EMarketer Inc., among the most widely cited sources for estimates of U.S. online retail sales, says it now expects Amazon to account for 37.7% of online commerce this year, the Information reported Thursday, down from a prior estimate of 47%.

An Amazon spokesman said EMarketer reached out to the company’s analyst relations group after Chief Executive Officer Jeff Bezos disclosed that independent merchants accounted for 58% of gross merchandise sales on the retail site -- the first time the company had made that metric public.

EMarketer’s revision comes as Amazon, along with Alphabet Inc.’s Google, Facebook Inc. and Apple Inc., faces calls for an examination of their market power. Regulators in recent weeks divvied up antitrust oversight of the four companies, a sign to some observers that formal inquiries could be forthcoming.

Amazon downplays its market size, saying it represents 4% of overall retail spending in the U.S. Some of its critics say it’s important to consider the company’s clout specifically in e-commerce since online spending is growing at triple the pace of overall retail spending.

In a veiled riposte to would-be trustbusters, Bezos disclosed the percentage of gross merchandise sales from merchants in a letter to shareholders in April. “Third-party sellers are kicking our first-party butt. Badly,” he wrote.

EMarketer didn’t immediately respond to requests for comment.

Estimating Amazon’s scale is difficult because it isn’t simply a retailer but also operates in an array of different markets, including devices, cloud computing, streaming services and more. Measuring its e-commerce market share is hard, too, because the company is both a traditional retailer and online consignment shop.
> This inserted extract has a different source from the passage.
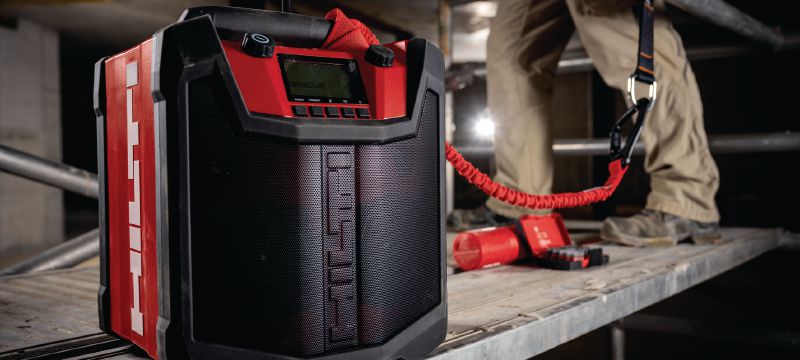 Radio budowlane R 6-22 Akumulatorowe przenośne radio budowlane z maksymalnie 22-godzinnym odtwarzaniem po jednym ładowaniu, o wyjątkowej trwałości, przeznaczone do stosowania na budowie (platforma akumulatorowa Nuron) Aplikacje 1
Amazon buys products wholesale and sells them directly to consumers like a typical retailer. For those transactions, Amazon reports the entire purchase price as revenue. But for transactions generated by third-party merchants, the company only records the fees and commissions it charges them. EMarketer estimates market share based on consumer spending, not Amazon revenue, so all the money shoppers spend on Amazon is counted toward its market share.

EBay Inc. discloses the total amount of money shoppers spend on its marketplace, almost $90 billion in 2018. Amazon does not, so independent firms like EMarketer must estimate it.